Evidence: workflow +5.80 on Opus/instruction tasks. refactor-aware +2.54 on Haiku/refactor. micro-quality +4.41 on Opus/instruction. Meanwhile, these same profiles all showed negative deltas on bug-fix and code-gen tasks. Phase 2, 648 runs.

This means the value of instructions is highly context-dependent. A CLAUDE.md that helps on refactoring tasks may hurt on bug-fix tasks. The right strategy is to use targeted instructions only for the task types where you observe weakness, and omit them otherwise.

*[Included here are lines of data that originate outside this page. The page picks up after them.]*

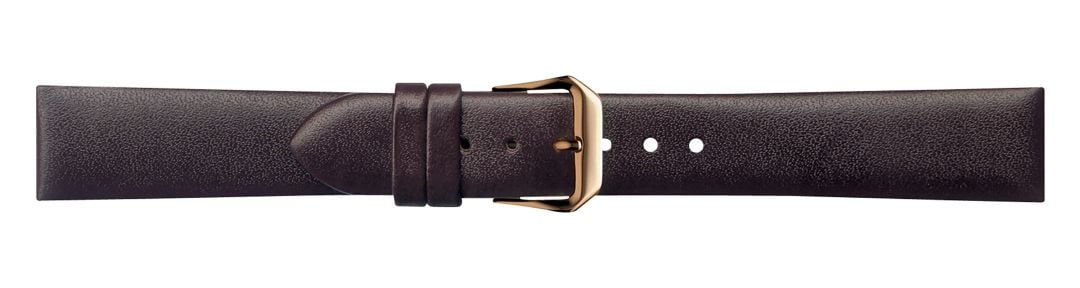 bracelet-de-montre-en-cuire-lisse-non-cousu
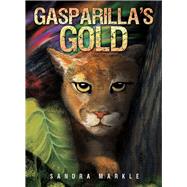 Gasparilla's Gold
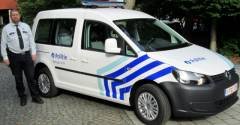 Wijkpost Politie_nieuwe_auto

Rule 6: Keep the Formatting

Markdown headers, bullet points, and whitespace help smaller models parse instructions.

I originally advocated stripping markdown formatting from CLAUDE.md files to save tokens. The benchmark showed this was wrong for two of three models.

The readable version of the typical profile outperformed the compressed version on Haiku (-1.56 delta) and Sonnet (-0.86 delta). Only Opus was indifferent (+0.19). For the large profile, the gap widened: Sonnet scored 2.81 points higher with readable formatting. The large-compressed profile triggered the only statistically significant regression in the entire Phase 1 study: an 18.8% drop on bug-fix-02 (p=0.018).

The “decoration” of markdown headers, bold text, and whitespace serves as parsing landmarks. Smaller models use these structural cues to segment and prioritize information. Stripping them doesn’t save meaningful tokens (5-13% of total API tokens, not the 60-70% of characters) and introduces ambiguity risk.

Evidence: typical-readable beat typical-compressed on Haiku (-1.56) and Sonnet (-0.86). large-readable beat large-compressed on Sonnet (-2.81). large-compressed triggered an 18.8% regression on bug-fix-02 (p=0.018). Phase 1, 540 runs.

Compression update: The output compression experiment (15,120 runs) tested how aggressively you can compress CLAUDE.md instructions. Compressed-rules (~80 tokens) is the sweet spot, scoring 73.72 overall and beating the verbose baseline. But ultra-compression (“caveman speak”: “code good. test all. no break.”) backfires, especially for Go (+8-12 pt gain from proper compression, but caveman loses it all). Keep markdown headers and bullet structure; strip only filler words and redundant phrasing.

Rule 7: Match Instructions to the Model

Different models respond differently to the same instructions. One-size-fits-all is suboptimal.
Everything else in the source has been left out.